- **PROVIDED MATERIAL**:
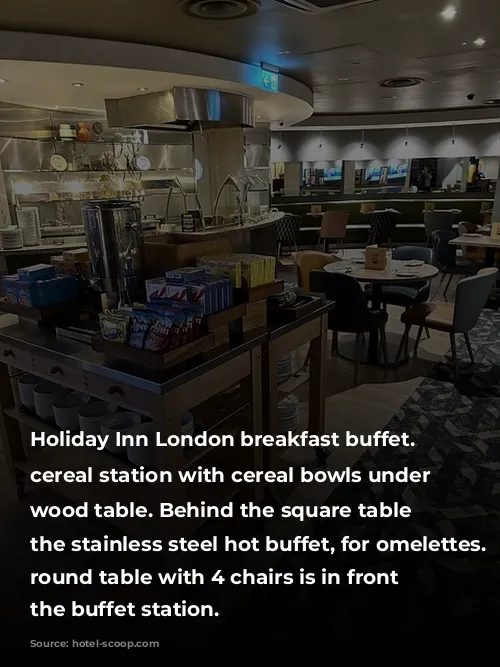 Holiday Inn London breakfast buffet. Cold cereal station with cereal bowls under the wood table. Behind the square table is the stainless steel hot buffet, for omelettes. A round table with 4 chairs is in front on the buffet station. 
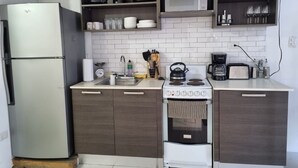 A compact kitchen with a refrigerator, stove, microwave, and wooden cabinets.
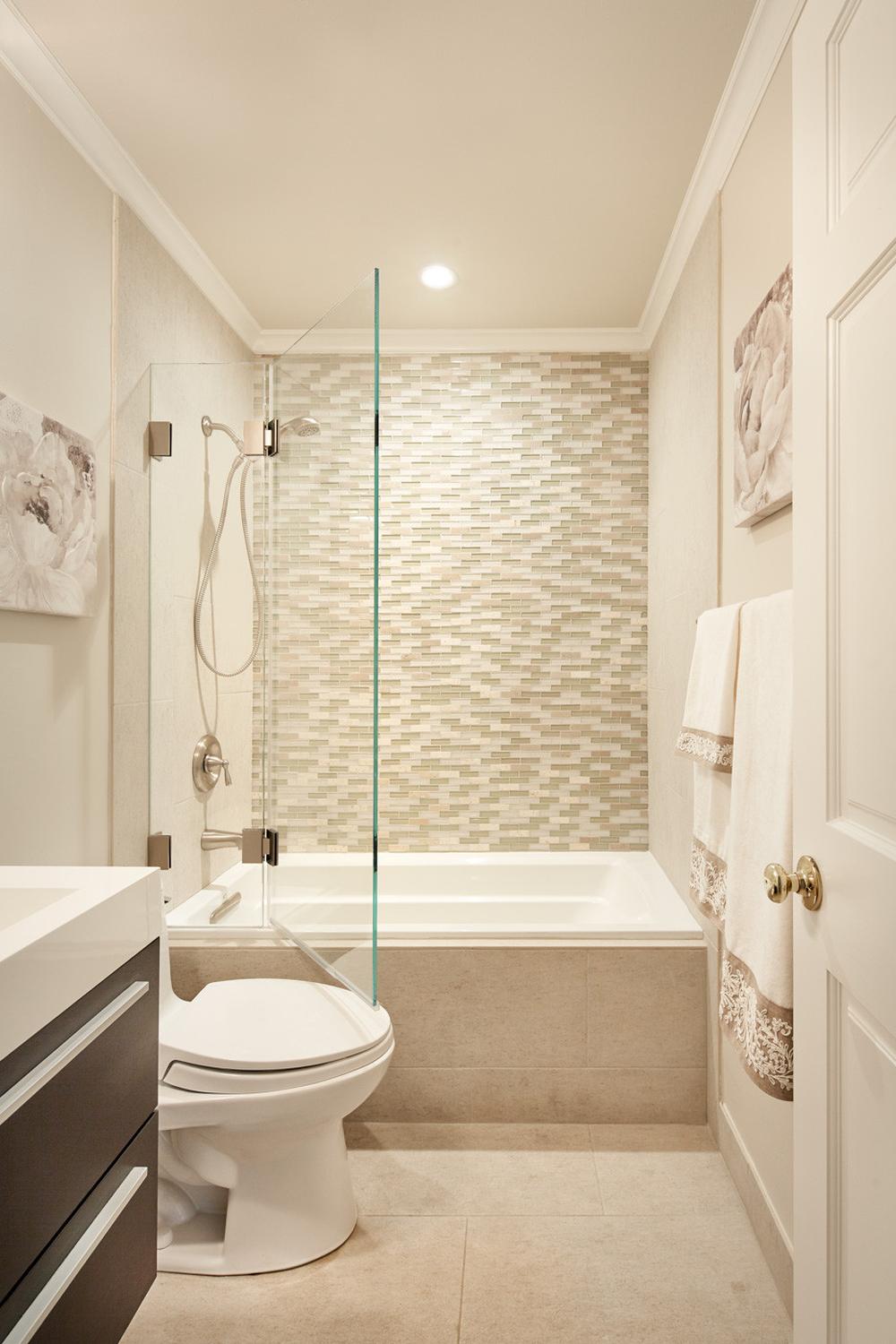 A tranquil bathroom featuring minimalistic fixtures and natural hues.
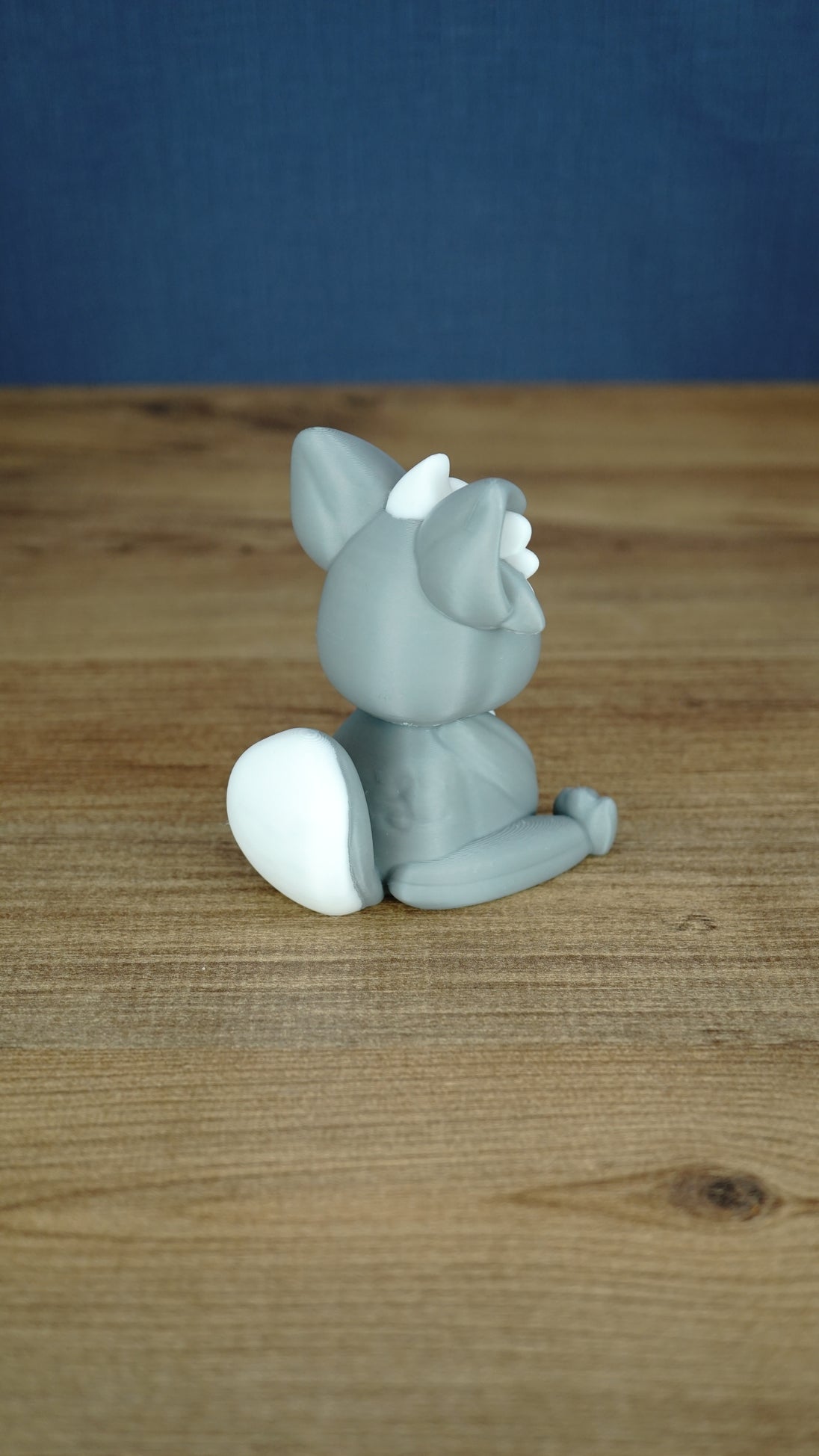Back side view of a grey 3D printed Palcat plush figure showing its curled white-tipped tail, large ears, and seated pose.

- **WORK TO COMPLETE**:
Starting with the first line of the data above, write out each line exactly up to and including the line that holds "A compact kitchen". Pictures stay out.

- **REPLY TO THE EXERCISE**:
 Holiday Inn London breakfast buffet. Cold cereal station with cereal bowls under the wood table. Behind the square table is the stainless steel hot buffet, for omelettes. A round table with 4 chairs is in front on the buffet station. 
 A compact kitchen with a refrigerator, stove, microwave, and wooden cabinets.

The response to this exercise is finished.